Supplied data
# # # #

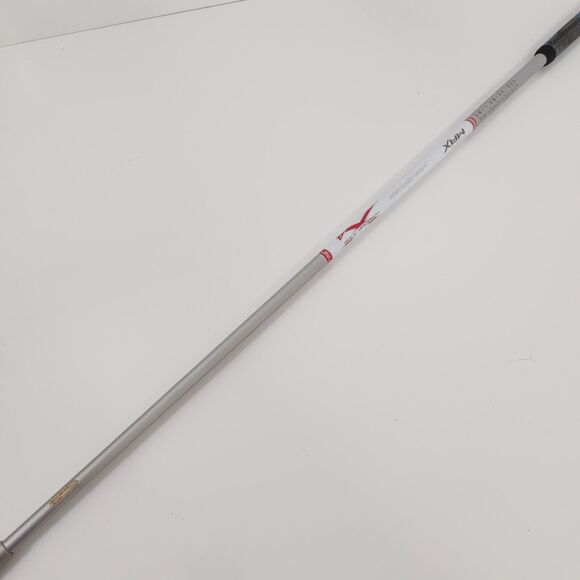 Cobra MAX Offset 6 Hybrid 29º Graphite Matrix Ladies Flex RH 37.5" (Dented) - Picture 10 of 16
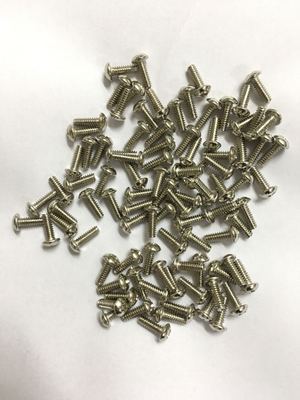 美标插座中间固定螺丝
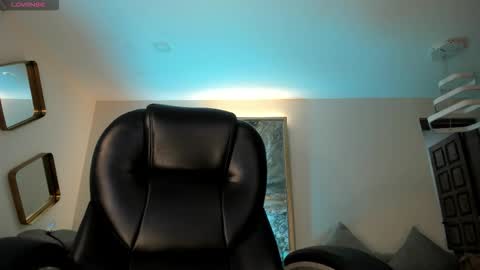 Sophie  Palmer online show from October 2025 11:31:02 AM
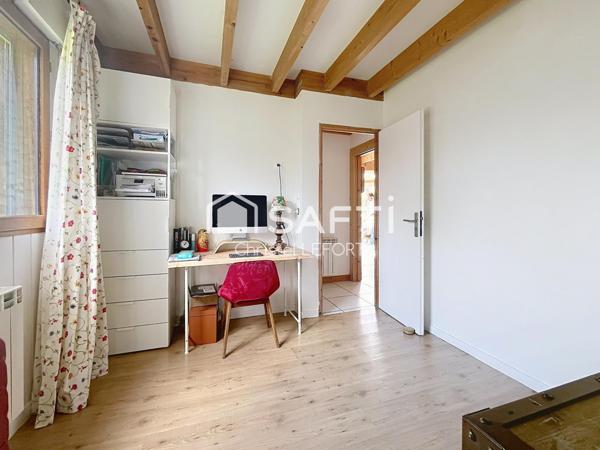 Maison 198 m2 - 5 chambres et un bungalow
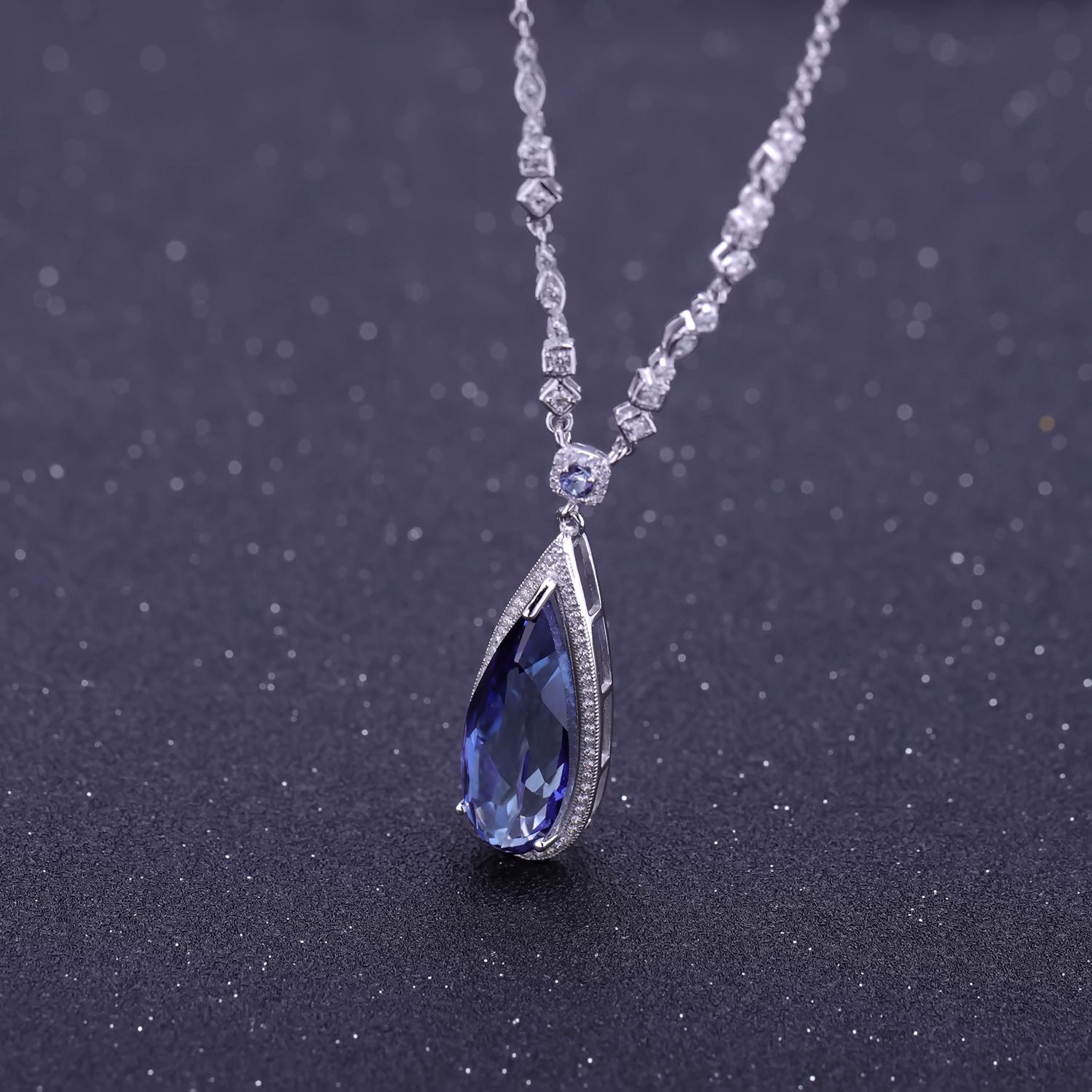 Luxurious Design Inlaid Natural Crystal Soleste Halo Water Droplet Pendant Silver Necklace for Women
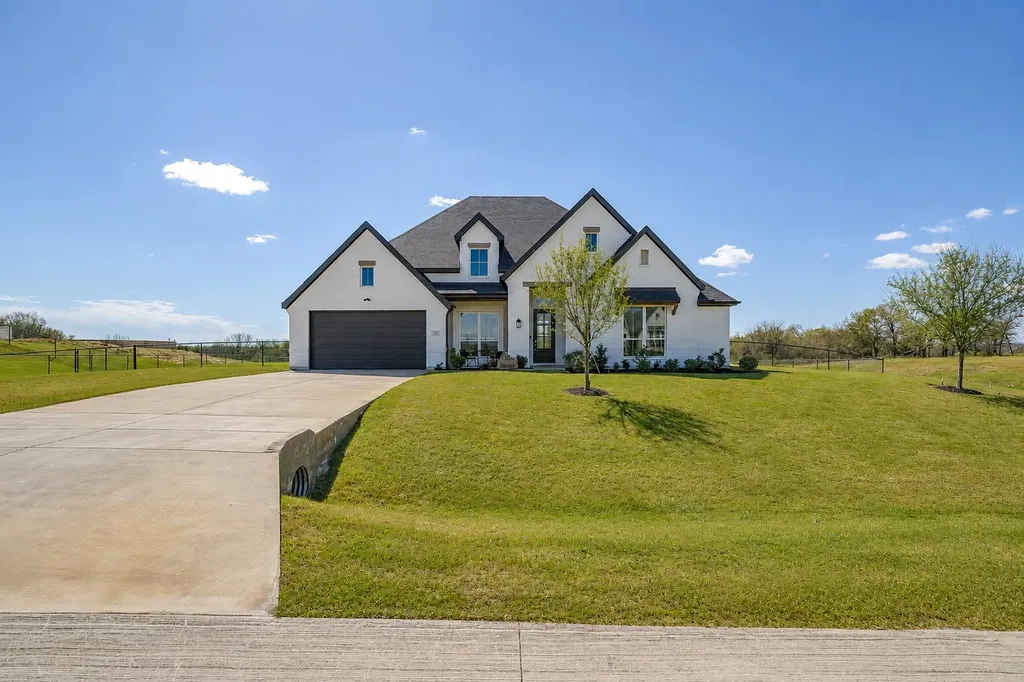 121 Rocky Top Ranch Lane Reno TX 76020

# # # #

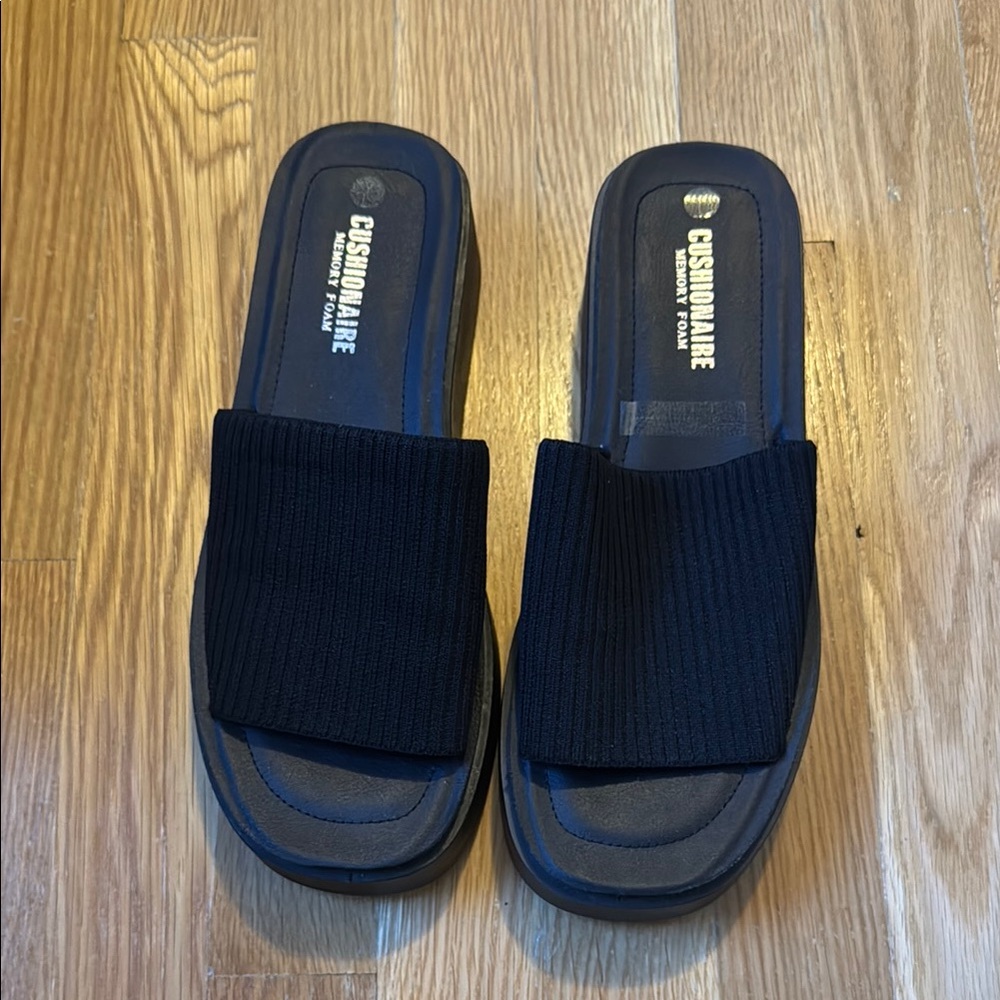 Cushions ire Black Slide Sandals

# # # #

Problem requirements
In the listing above, find the line with "Cobra MAX Offset" and the line with "121 Rocky Top Ranch Lane Reno TX 76020". Output both, plus every line between them, and no pictures.

Answer section
 Cobra MAX Offset 6 Hybrid 29º Graphite Matrix Ladies Flex RH 37.5" (Dented) - Picture 10 of 16
 美标插座中间固定螺丝
 Sophie  Palmer online show from October 2025 11:31:02 AM
 Maison 198 m2 - 5 chambres et un bungalow
 Luxurious Design Inlaid Natural Crystal Soleste Halo Water Droplet Pendant Silver Necklace for Women
 121 Rocky Top Ranch Lane Reno TX 76020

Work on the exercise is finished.